Following base closure in 1994, about two-thirds of the 2,938-acre installation became Homestead Air Reserve Base. Approximately 80 acres were transferred by PBC to the Miami-Dade County Homeless Trust, a coalition of service providers created in 1992 to deal with policies affecting South Dade County's homeless, estimated at about 1,800 people at that time. The Trust subsequently built and currently operates an $8 million facility for temporary housing and training of about 300 homeless individuals and families.

David Raymond, Director of the Miami-Dade County Homeless Trust, described how the project has evolved: "In addition to the emergency housing, we have constructed 200 beds of transitional housing and 580 beds of permanent supportive housing on this site. The permanent housing was just LEED gold certified -- the first homeless project in Florida to achieve this. Equally important, we have a 22-acre organic farm and a farmers market, all benefiting homeless people." The County Trust is staffed by a team of professionals who receive policy direction from a 27-member Advisory Board comprised of elected officials, former homeless people, business leaders, religious leaders and homeless providers, Raymond explained. Another PBC provided the Miami Dade County Parks and Recreation Department with property for a 213-acre regional park.

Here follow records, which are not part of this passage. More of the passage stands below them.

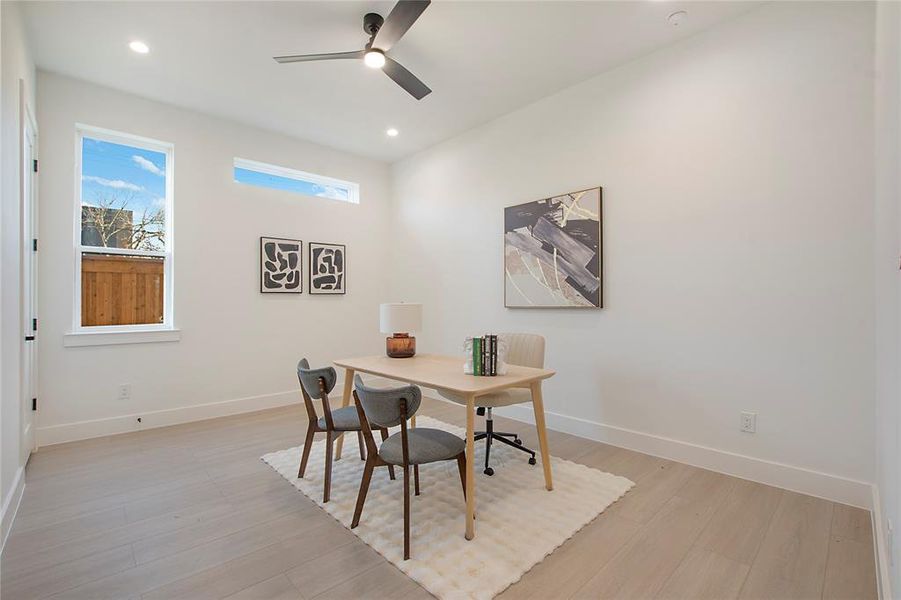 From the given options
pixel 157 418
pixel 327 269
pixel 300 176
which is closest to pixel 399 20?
pixel 300 176

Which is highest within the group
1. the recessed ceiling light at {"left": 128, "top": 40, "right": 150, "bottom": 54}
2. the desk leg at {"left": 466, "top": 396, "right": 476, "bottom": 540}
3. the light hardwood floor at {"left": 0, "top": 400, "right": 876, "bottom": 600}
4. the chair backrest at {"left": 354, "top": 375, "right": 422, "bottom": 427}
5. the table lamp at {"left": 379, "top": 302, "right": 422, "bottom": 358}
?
the recessed ceiling light at {"left": 128, "top": 40, "right": 150, "bottom": 54}

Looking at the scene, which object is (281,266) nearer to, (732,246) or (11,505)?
(11,505)

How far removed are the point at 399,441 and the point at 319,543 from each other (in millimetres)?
583

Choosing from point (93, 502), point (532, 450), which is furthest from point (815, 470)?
point (93, 502)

And in Riverside, Calif., a public safety PBC at the former March AFB allowed 365 acres and classroom buildings and dormitories associated with the former NCO Academy to morph into the Ben Clark Training Center (BCTC). Hundreds of students take Moreno Valley College's public safety courses there, training for careers as law enforcement officers, dispatchers, paramedics, firefighters, probation or correctional officers, and juvenile correctional counselors.

The regional center involves a partnership between the college, Riverside County Sheriff's Office, the California Department of Forestry and Fire Protection, Riverside County Fire Department, California Highway Patrol and the Riverside County Probation Department. According to the facility's website, students at BCTC are able to learn how various emergency service disciplines interface in order to provide quality emergency services in the real world.

PBCs are just one way the Air Force Real Property Agency returns surplus land to individual communities. Across the U.S., Air Force base closure efforts have returned more than 24 former installations for public use. In total, more than 78,000 acres of former Air Force property, an area twice the size of the District of Columbia, have been returned to communities across the country. Redevelopment at these former bases has created more than 48,000 jobs as well as parks, golf courses, 13 public airports, college campuses, medical facilities, and other beneficial uses, all at a fraction of the cost of building elsewhere.